Steering winds largely determine the movement of hurricanes.
The steering winds draw power from the temperature differences between the tropics and the poles. Climate change has caused that temperature difference to decline.
There has been some evidence that steering winds in the tropics during the warm season may indeed get slightly weaker due to climate change, AccuWeather Senior Meteorologist Brett Anderson said.
The weaker steering winds move hurricanes more slowly.
“The result of this is a growing trend of tropical storms and hurricanes lingering over a particular region for a longer period of time, which in turns allows for a longer duration of heavy rainfall,” Anderson said.
In addition to circulation changes, warming causes increases in atmospheric water-vapor capacity. This is generally expected to increase precipitation rates, the study said.
Rain rates are expected to increase at the center of tropical cyclones with increasing global temperatures.
The latest research suggests that regions that are normally wet, which includes regions that are often in the paths of hurricanes, will become wetter through the end of this century. This is due to an increase in available water vapor resulting from the warming, according to Anderson.
The study highlights why heavy rainfall from a hurricane is more concerning than the wind of a hurricane, according to AccuWeather Hurricane Expert Dan Kottlowski.
"More people die and more damage is done due to water, including storm surge flooding, flash flooding and prolonged flooding, from hurricanes," Kottlowski said.

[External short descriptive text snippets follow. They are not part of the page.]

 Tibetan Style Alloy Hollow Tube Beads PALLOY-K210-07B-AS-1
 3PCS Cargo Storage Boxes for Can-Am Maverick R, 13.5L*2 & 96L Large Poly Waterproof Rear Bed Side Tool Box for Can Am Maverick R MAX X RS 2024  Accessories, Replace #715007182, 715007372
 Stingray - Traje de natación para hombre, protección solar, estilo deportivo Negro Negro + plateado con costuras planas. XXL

The study does not answer the question of what is causing the slowdown. The new study is based on an analysis of observations, so it does not directly answer that question.

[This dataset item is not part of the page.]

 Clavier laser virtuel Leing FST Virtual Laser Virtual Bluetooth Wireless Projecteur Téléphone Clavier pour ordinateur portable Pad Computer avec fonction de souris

"The study does point out that slower-moving hurricanes cause more rainfall over land. We have seen that over the years, so this is nothing new," Kottlowski said. "Why the hurricanes are not moving as fast as previous years is not so clear."
There is no way to tell if a hurricane will be a slower tracker over land before it forms. Once a hurricane forms and becomes embedded within a steering flow, the environment around the hurricane strongly influences how it will move during its trek across the ocean and possibly onto land, according to Kottlowski.
Most hurricanes and tropical storms are steered across the Atlantic, and sometimes into land, by the Bermuda Azores high pressure area. The area expands and contracts generally in an east to west fashion during the hurricane season.
The orientation and strength of that high typically determines where and how a hurricane tracks.
"Last year, the Bermuda Azores high was generally stronger than normal and nosed westward into the northern Gulf of Mexico more frequently than normal. This westward extension caused more storms to track farther to the west," Kottlowski said.
Most hurricanes tend to recurve northward across the western Atlantic due to the rotation of the Earth before reaching the Caribbean or the United States.
But last year, many storms and hurricanes tracked well into the Caribbean before turning northward, putting more land in harm's way.
"There is no way to tell whether the orientation and strength of the Bermuda Azores high is changing due to climate change," Kottlowski said.
The orientation and strength of the high pressure area is influenced by many factors, including sea surface temperature to the north and the upper-level wind flow across the northern and central Atlantic.
"The hypothesis that the warming of the climate is causing the slowdown cannot be proved at this point. That does not dismiss the study," Kottlowski said.
The study highlights the need for continued research into the connections between tropical cyclones and climate, saying it is essential to understanding and predicting risk.